Secretary of Defense Donald Rumsfeld has been in Iraq for three days, and working diligently:
WASHINGTON (AP) - At every stop on his three-day tour of Iraq, Defense Secretary Donald H. Rumsfeld sent a similar message: The U.S. military is not rushing to get out, but it is getting out, nevertheless.

In his public appearances with U.S. soldiers and commanders, as well as with Iraqi officials, Rumsfeld emphasized the positive - an elected Iraqi government is being formed under a new constitution, and Iraq's own soldiers and police are shouldering more of the security duties.


Secretary Rumsfeld is laying the groundwork for an appropriate U.S. exit from Iraq, and I do emphasize "appropriate". There is still an insurgency, and still lingering civil disputes, which essentially lead to a prolonged U.S. presence in Iraq.

But after the ratification of the constitution and the successful parliamentary elections this year, progress is being made in Iraq.

This is one of the main reasons why the U.S. troop presence is getting less, and not more prominent.
Rumsfeld and his commanders are now scaling back the U.S. presence in Iraq by canceling the deployment of two Army brigades that had been scheduled to deploy in coming weeks. Fewer U.S. combat troops are needed because the Iraqis will be doing more of the fighting.

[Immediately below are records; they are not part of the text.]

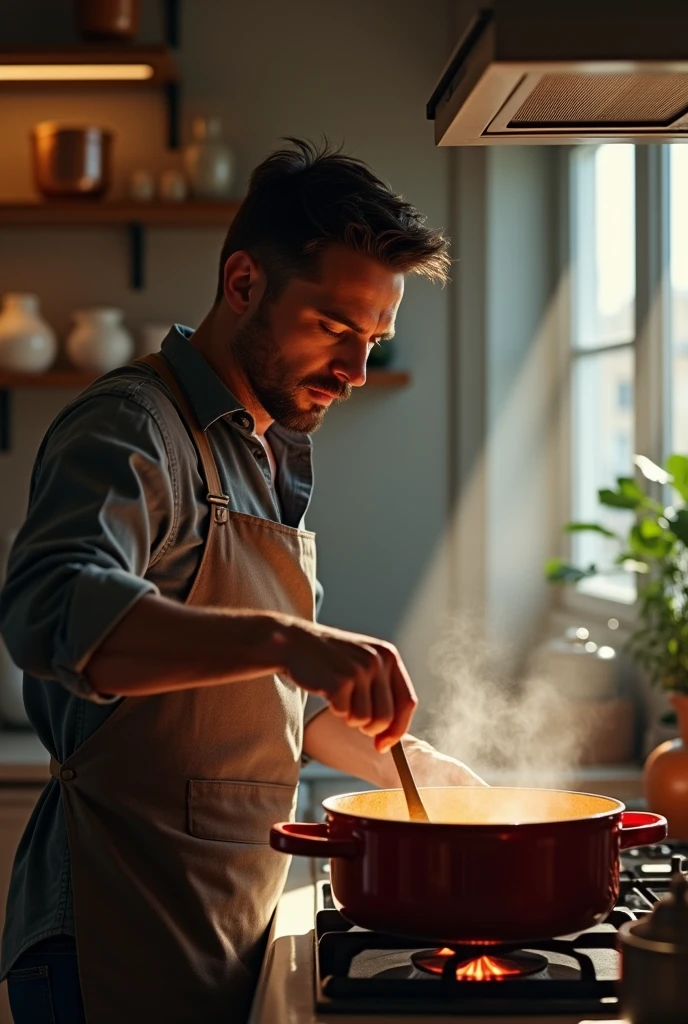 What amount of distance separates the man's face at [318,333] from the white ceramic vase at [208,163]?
1.98 m

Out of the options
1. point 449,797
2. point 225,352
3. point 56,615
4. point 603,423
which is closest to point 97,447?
point 56,615

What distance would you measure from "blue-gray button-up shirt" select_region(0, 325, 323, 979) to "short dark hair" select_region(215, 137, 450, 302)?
149mm

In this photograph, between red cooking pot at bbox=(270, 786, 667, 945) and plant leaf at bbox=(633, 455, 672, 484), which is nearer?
red cooking pot at bbox=(270, 786, 667, 945)

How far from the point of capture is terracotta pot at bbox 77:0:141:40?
10.5 feet

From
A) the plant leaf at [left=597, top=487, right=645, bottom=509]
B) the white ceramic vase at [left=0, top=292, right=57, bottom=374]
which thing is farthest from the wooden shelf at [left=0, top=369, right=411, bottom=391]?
the plant leaf at [left=597, top=487, right=645, bottom=509]

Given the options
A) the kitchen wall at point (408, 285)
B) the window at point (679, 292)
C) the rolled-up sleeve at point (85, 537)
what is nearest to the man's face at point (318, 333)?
the rolled-up sleeve at point (85, 537)

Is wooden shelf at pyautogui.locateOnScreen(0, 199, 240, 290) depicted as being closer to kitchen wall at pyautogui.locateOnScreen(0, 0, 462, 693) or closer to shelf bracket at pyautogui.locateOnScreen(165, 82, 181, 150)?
kitchen wall at pyautogui.locateOnScreen(0, 0, 462, 693)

"We'll keep passing off responsibility to them," as Rumsfeld put it more than once while in Iraq.

This can be seen as nothing other than good news. The newly-born democracy of Iraq is growing. It is becoming more self-sufficient. It is becoming more stable. It is becoming a real, functioning democracy.

And as the U.S. continues to pass off security and protection responsibilities to the Iraqis, the country is one step closer everyday to being a beacon to freedom in teh middle east.